[Stored items]
───
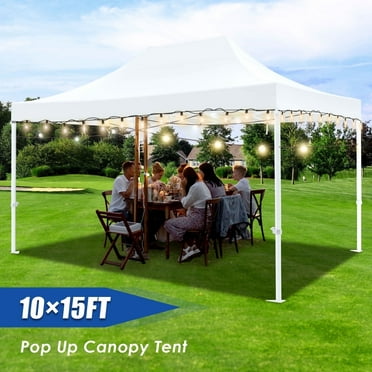 HOTEEL 10x15 Heavy Duty Canopy Tent ,Pop up Canopy for Parties Wedding,Commercial Easy up Gazebo with Roller Bag,UV 50+ &,White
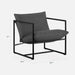 Aidan Sling Accent Chair, Metal Framed Armchair with Shredded Foam Cushioning, Dark Grey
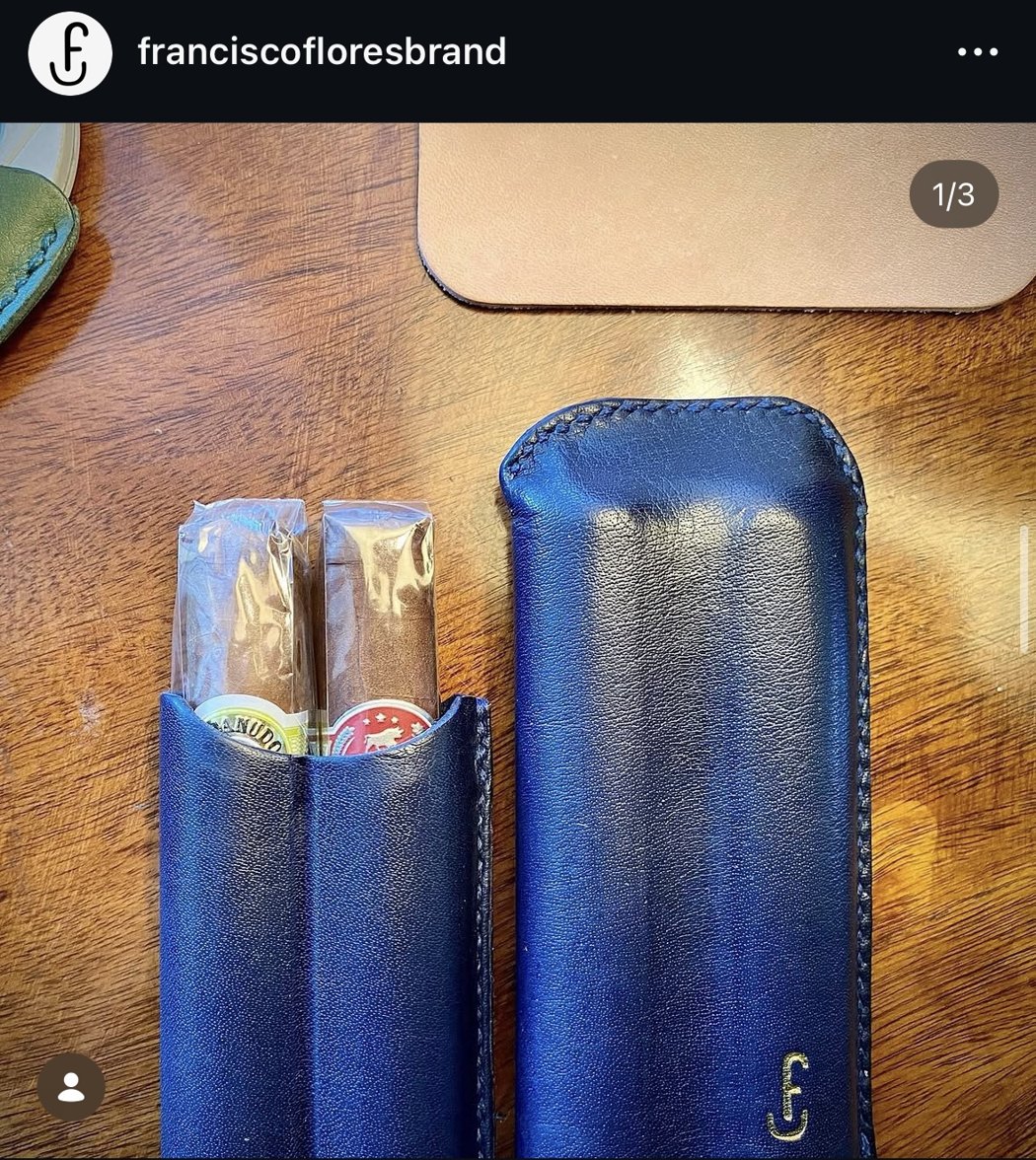 Navy leather cigar case, Francisco Flores Brand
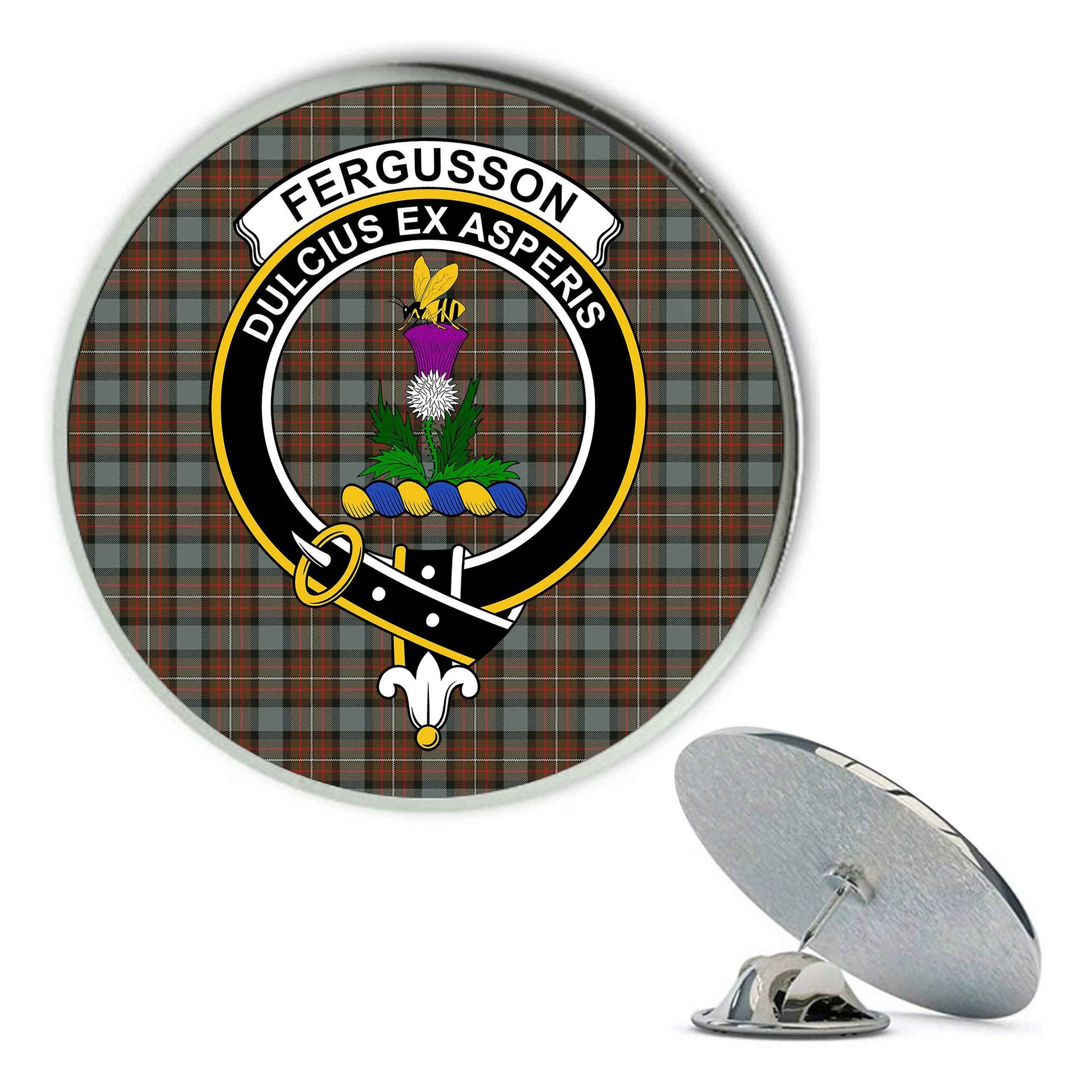 ScotsTee Shop Scottish Fergusson Weathered Metal Tartan Lapel Pin Scottish Clan Crest Badge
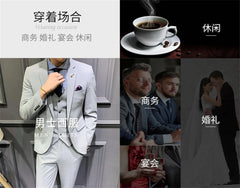 Mens Beach Wedding attire: Men’s Suit Noivo Terno Slim Fit Masculino Evening Suits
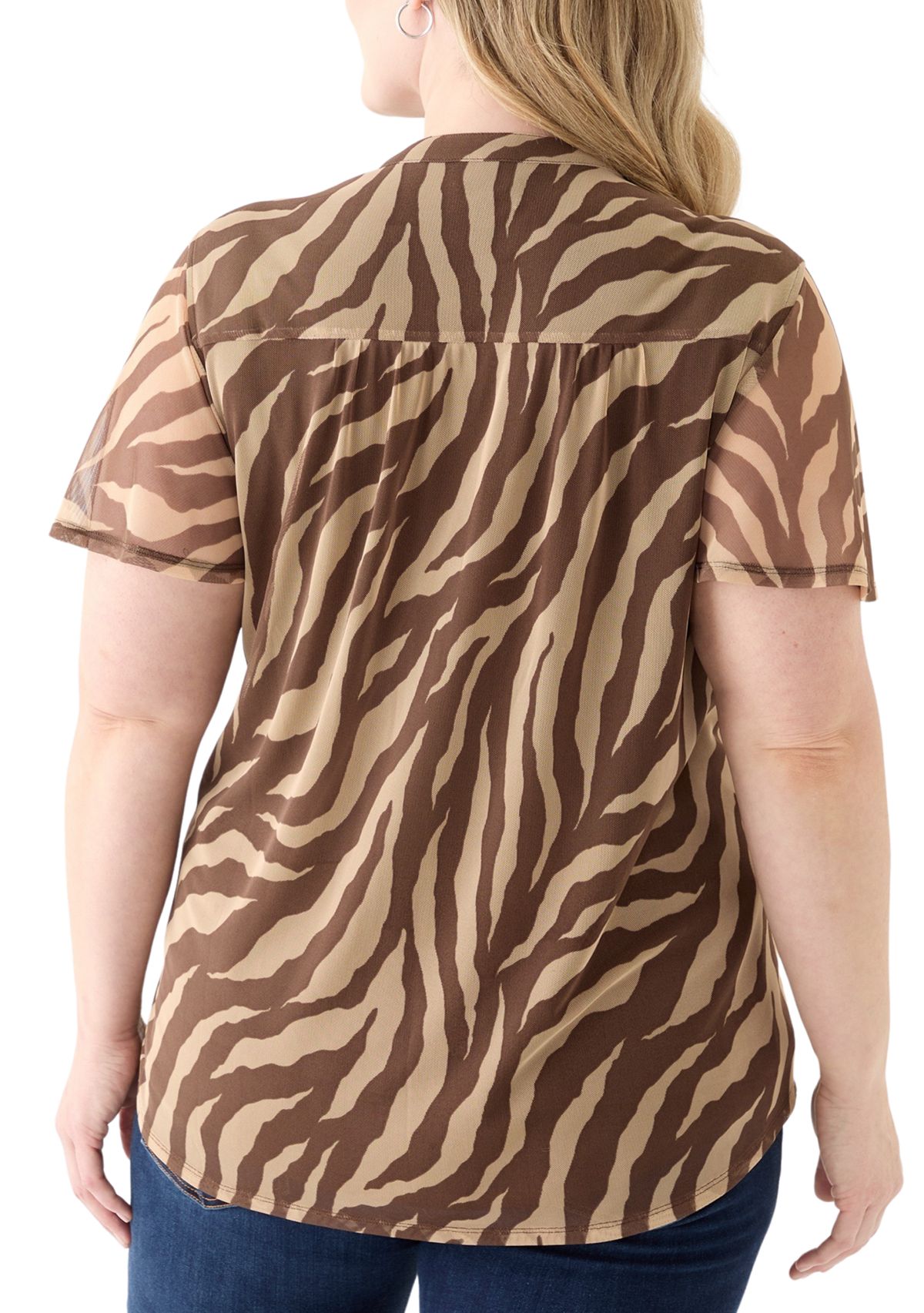 Plus Size Printed Mesh Top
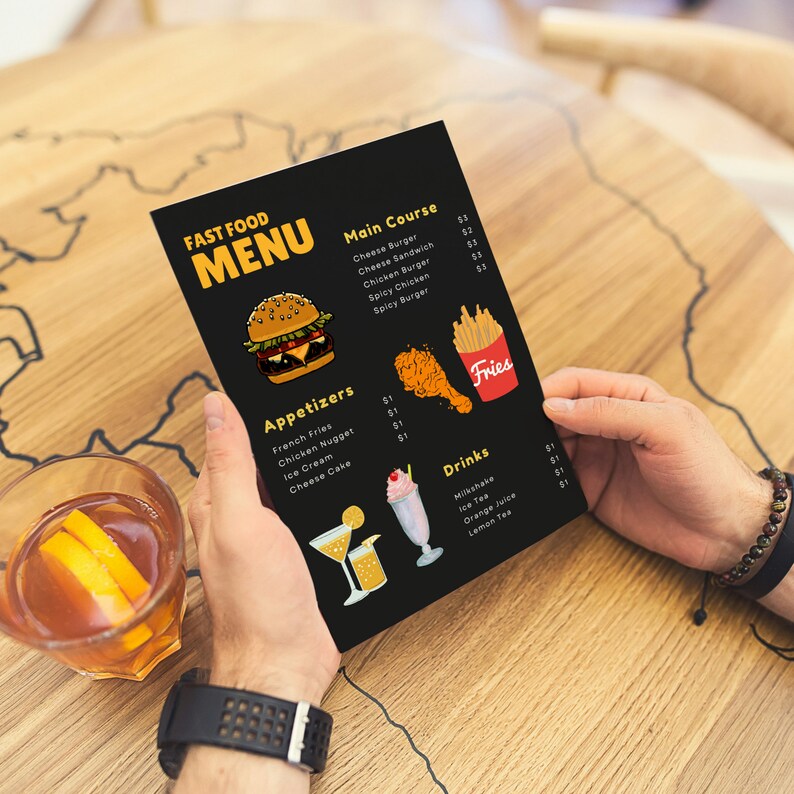 Modern Fast Food Menu Template in Canva | A4 Printable Editable Menu ...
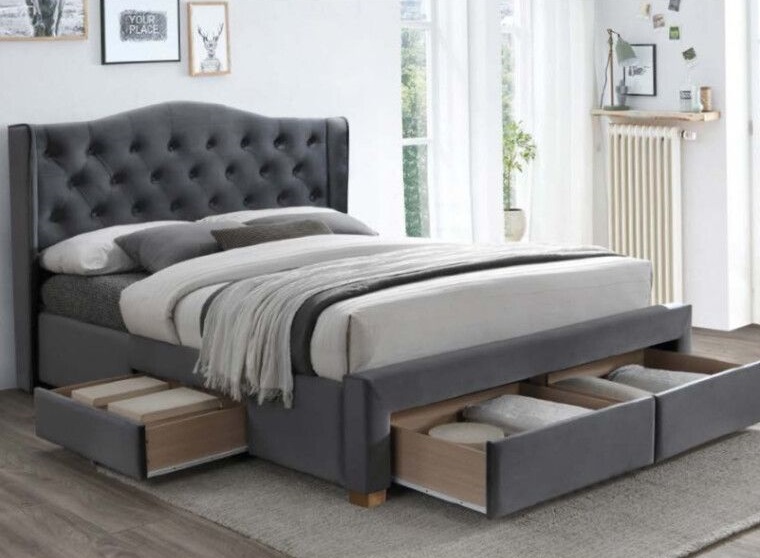 Фото Кровать двуспальная Signal Aspen velvet bluvel II (СМ 160х200) c ортопедическим основанием от производителя Signal в Нижнегорске по цене 99 730 ₽
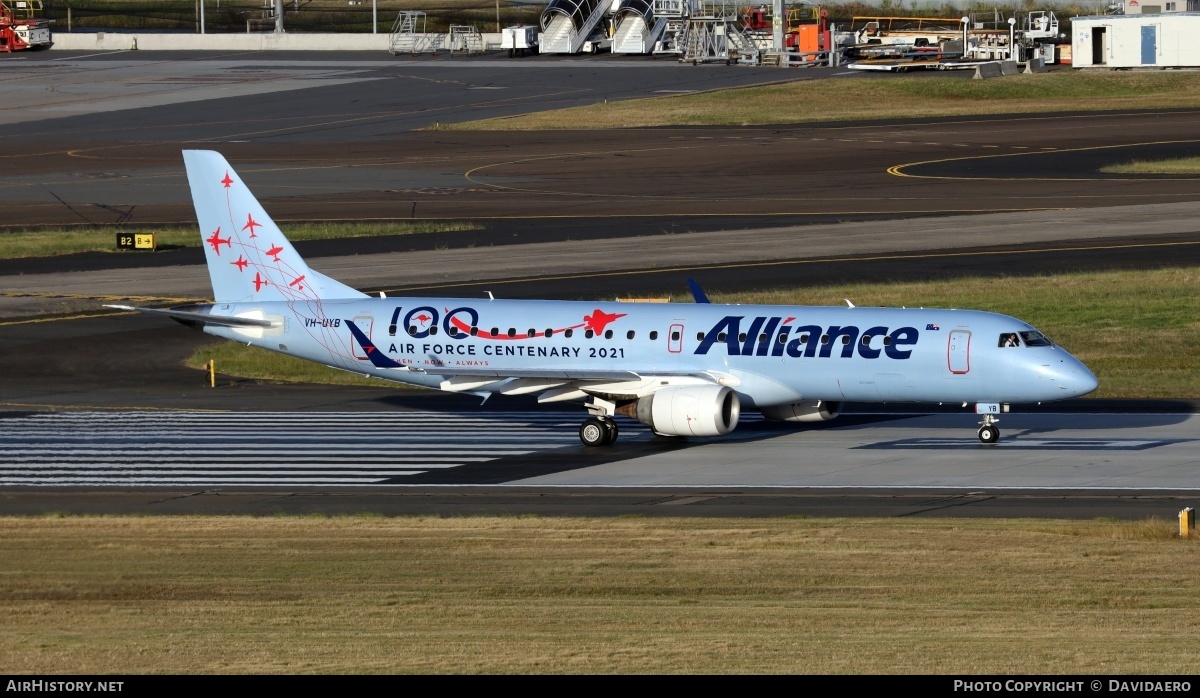 Aircraft Photo of VH-UYB | Embraer 190AR (ERJ-190-100IGW) | Alliance Airlines | AirHistory.net #542348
───
Try it
Transcribe exactly the lines that go from the one holding "Navy leather cigar" through the last line of the entries, both included, and nothing besides them. Do not include any pictures.

Written solution
 Navy leather cigar case, Francisco Flores Brand
 ScotsTee Shop Scottish Fergusson Weathered Metal Tartan Lapel Pin Scottish Clan Crest Badge
 Mens Beach Wedding attire: Men’s Suit Noivo Terno Slim Fit Masculino Evening Suits
 Plus Size Printed Mesh Top
 Modern Fast Food Menu Template in Canva | A4 Printable Editable Menu ...
 Фото Кровать двуспальная Signal Aspen velvet bluvel II (СМ 160х200) c ортопедическим основанием от производителя Signal в Нижнегорске по цене 99 730 ₽
 Aircraft Photo of VH-UYB | Embraer 190AR (ERJ-190-100IGW) | Alliance Airlines | AirHistory.net #542348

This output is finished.